Abolitionist Harriet Beecher Stowe & Her Uncle Tom’s Cabin
Harriet Beecher Stowe was born June 14, 1811, in Litchfield, Connecticut– nothing short of a free state. She was one of thirteen children born to a religious leader, Lyman Beecher; however, her mother died when she Harriet was a child. Growing up, her father had always reinforced abolitionist beliefs- later igniting Stowe ́s desire to open up the minds of Northerners.
The Beechers had expected their children to shape the world around them:
- All seven sons became ministers;
- Catharine, the oldest daughter, made women education more accessible;
- Their youngest daughter, Isabella was a founder of the Women’s Suffrage Association;
- Harriet exposed the truth about the greatest social injustice of her day, human slavery;
As a young girl Harriet and her family would often have dynamic debates at the dinner table; discussing current events and social issues- this allowed Harriet to become an effective and persuasive arguer. She later attended school at Sarah Pierce ́s Academy, one of the earliest institutions for girls. As for college, Harriet was first a student, then a teacher at Hartford Female Seminary- which had been founded by her older sister.

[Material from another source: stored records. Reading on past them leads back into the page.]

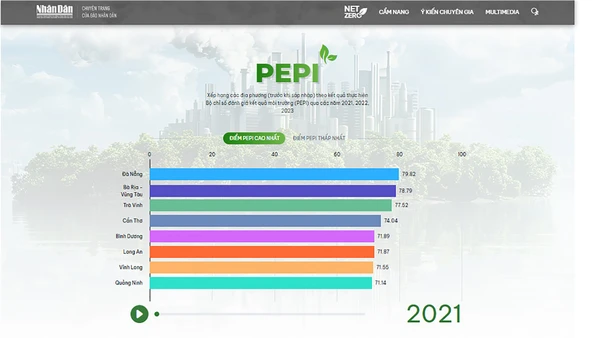 Biểu đồ đánh giá kết quả môi trường qua các năm 2021, 2022, 2023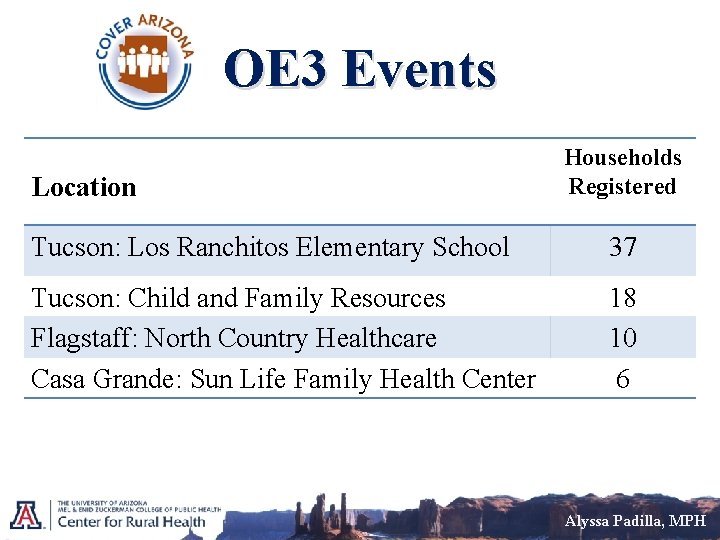 OE 3 Events Location Households Registered Tucson: Los Ranchitos Elementary School 37 Tucson: Child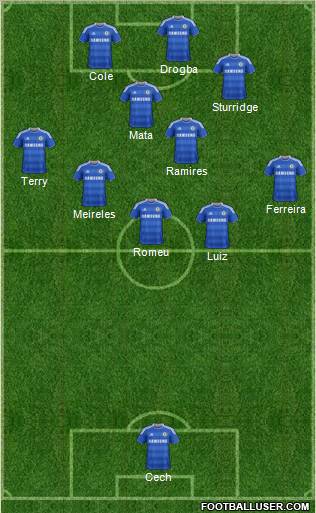 Chelsea Formation 2011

In 1832, Harriet and her family moved to Cincinnati, Ohio when her father had been appointed President of Lane Theological Seminary. It was soon after that Stowe published her most her most famous piece of work, Uncle Tom’s Cabin.

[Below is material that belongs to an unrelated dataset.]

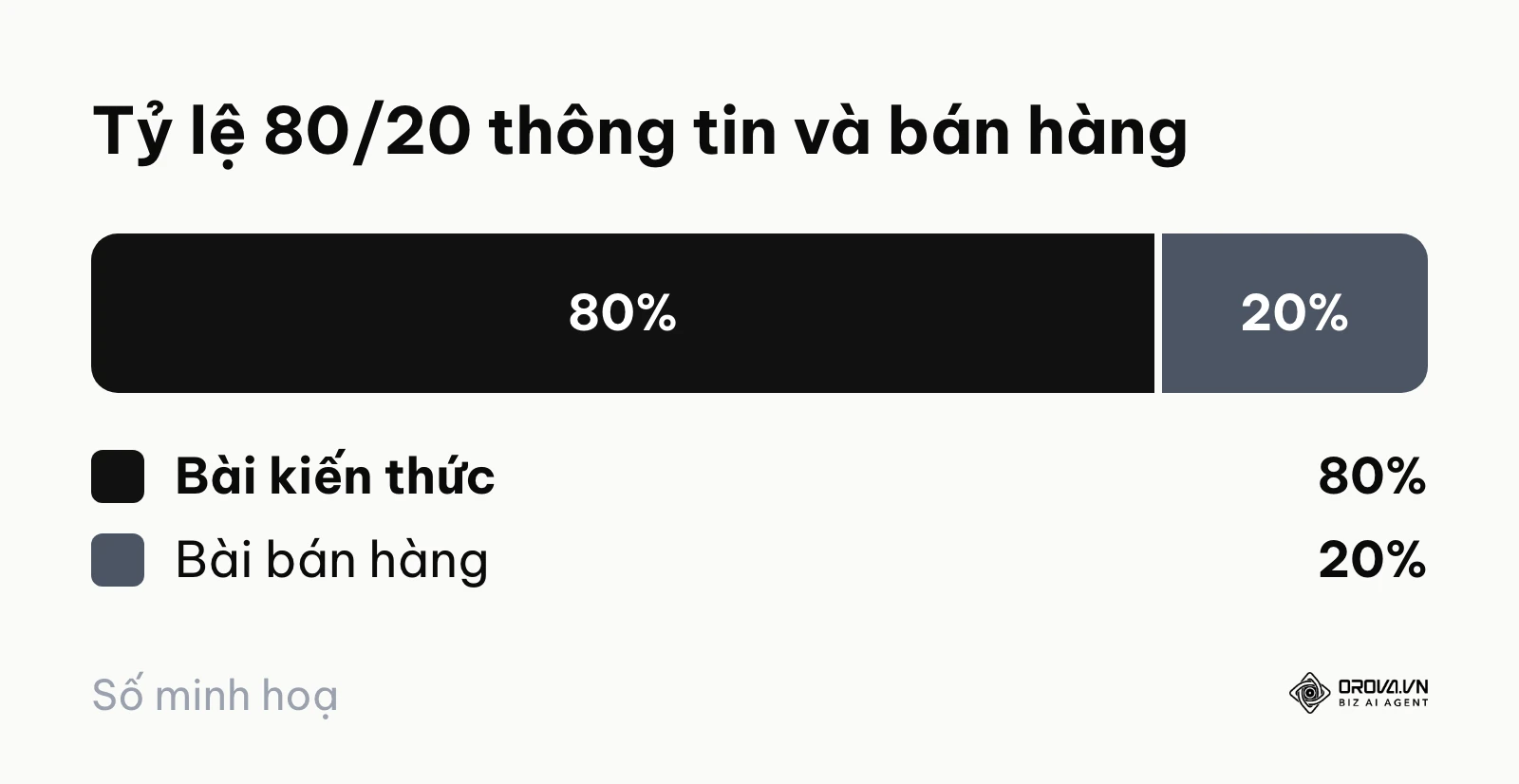 Tỷ lệ phân bổ 80% kiến thức hữu ích và 20% bài viết bán hàng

Uncle Tom’s Cabin was written in 1850 and expressed ideals through the eyes of Harriet Beecher Stowe. Within the book itself, Stowe ́s message is clear; slavery was fundamentally evil, corrupting everyone it touched and destroying the lives of good men and women. Through eye-opening, Uncle Tom’s Cabin also increased tension between the North and South. As for the North people, they faced realization and figured out how unjust slavery was for the first time. With more opposition of slavery, southern slave owners had to work even harder to defend the institution. Which in part signifies the importance of a new state and whether or not it would be free or slave-ran.

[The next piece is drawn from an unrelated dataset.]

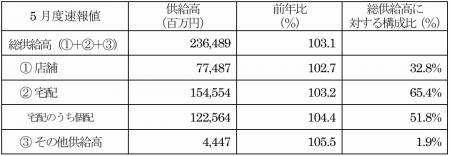 主要地域生協の5月度供給高（売上高）速報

Uncle Tom’s Cabin contributed to more than conflict; it gave Northerners a purpose. I think that disagreements and possibly the Civil War were inevitable. The United States consisted of people who may have had the same intention of a new life but different game plans. Everyone was bound to have opposing opinions, and whether it be slavery, religion, or culture people were predetermined to butt heads.
Even though Harriet never directly mentioned how she felt about The Constitution’s authority I could guess that she would want more power in the hands of the people– if it meant increased women’s suffrage. Stowe ́s younger sister was a co-founder of the Women’s Suffrage Association, so it is only right to assume that she supported her younger sister; not to mention that she also attended and taught at one of the first institutions for girls´. Plus Harriet herself was a woman, and I’m sure that she would want suffrage for herself, imagine how much more recognition or power she would have had if men weren’t always superior.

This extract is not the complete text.